For the sides you are going to need to do calculus (not terribly hard calculus, but calculus nonetheless). The water pressure pushes equally in ALL directions, including out to the sides. So there is force from the water on the sides of the lobster tank, and the amount of force in any small area of the tank is going to depend on the water pressure at the depth of that area

 

[marc017]

First, you should review the difference between mass and weight to understand why you do not need to multiply by g if your units are in pounds.

Ahh, yes. The notes I wrote down were throwing me off, they weren't in lbs like i was assuming.

 

[HallsofIvy]

Homework Statement

A lobster tank in a restaurant is 8 ft long by 7 ft wide by 2 ft deep. Find the water force on the bottom and on each of the four sides.
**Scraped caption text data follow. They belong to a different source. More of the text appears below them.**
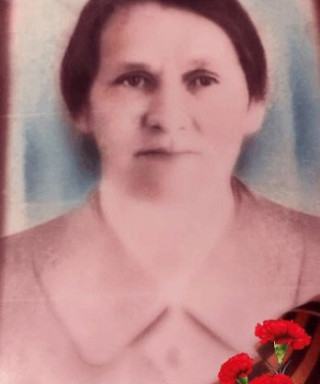 Носкова Александра Николаевна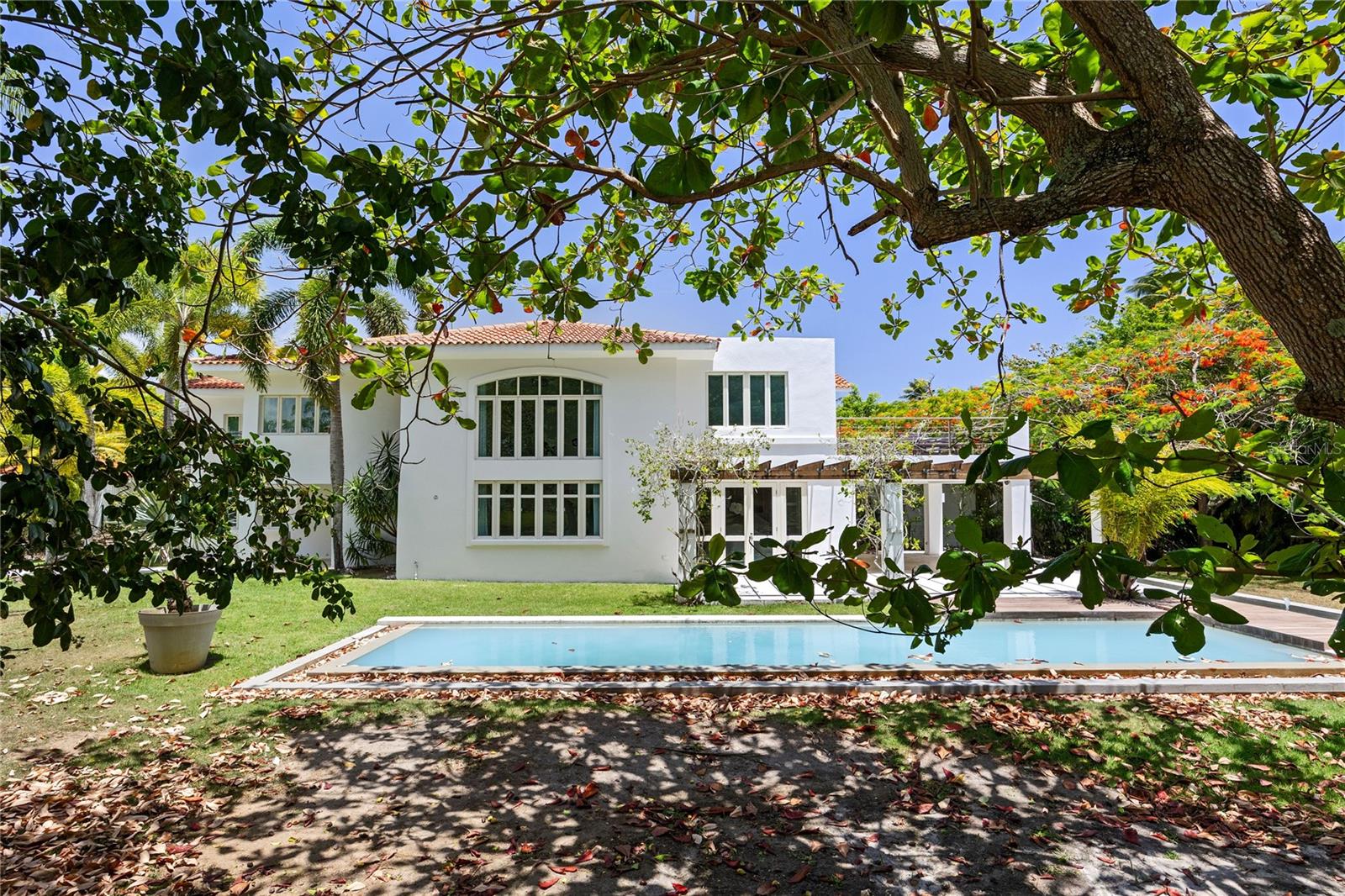 Photo of 121 DORADO BEACH EAST DORADO PR 00646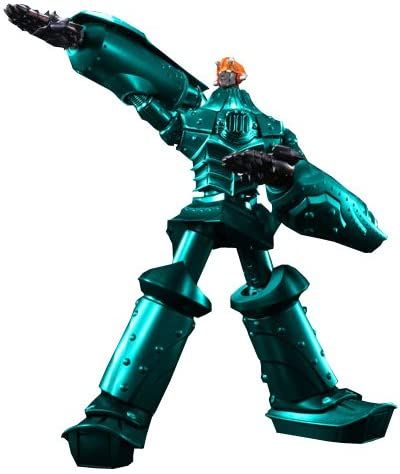 Soul Of Chogokin Gx 48 Big O Senyou Kakuchou Expansion Parts Set [Import Japonais]
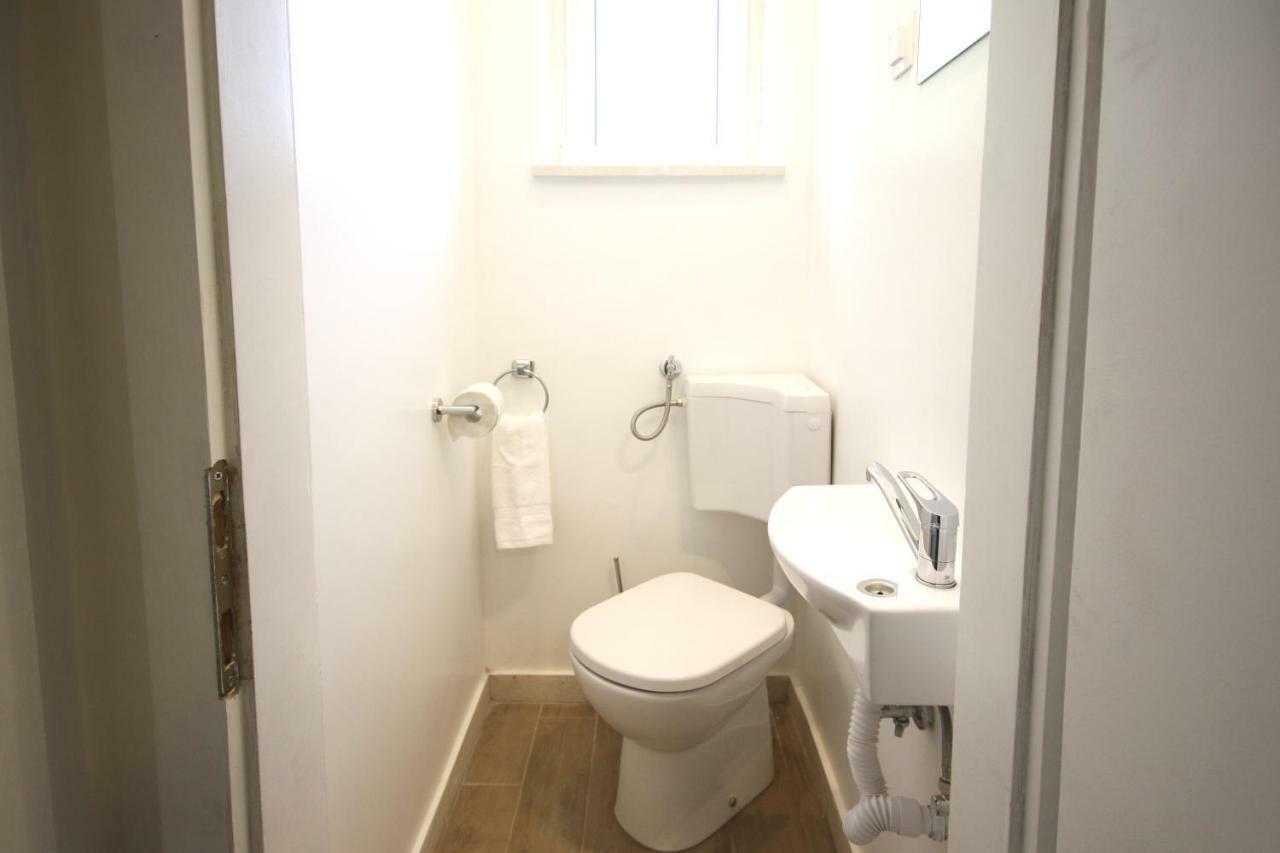 Apartment Goge Ragusa Esterno foto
The density of water is 62.4 lb/ft3.

Homework Equations

Pressure = density * gravity * height
Force = Pressure * Area

The Attempt at a Solution

Force on the bottom = density * gravity * height * area
= 62.4g(2)(56)

It is asking for the Force in Lb
In my book we used integrals for this type of problem but I don't see the point..

There is no point if you are finding the total force on the bottom because the pressure at each point is the same. But if you want to find the total force on the sides, the pressure varies with depth. Imagine a thin strip across a side at a specific height, z, and thickness dz. The pressure is given by the height of water above that height. Since the 2 feet deep, the height of water above z is 2- z. The weight of water pressing down is 64.2(2- z)(dz). That's the force on that strip. To find the total force on the side, integrate that for z going from 0 to 2.

I'm trying to put the answer in webassign.

For the sides would it be the same equation without gravity, as gravity is only in play in the up and down directions?

"Without gravity" there would be no force! A fluid, such as a liquid or a gas, presses in all directions, not just up or down. The sideways force due to water at every point is exactly the same as the downward force, the density times the volume of water above that point.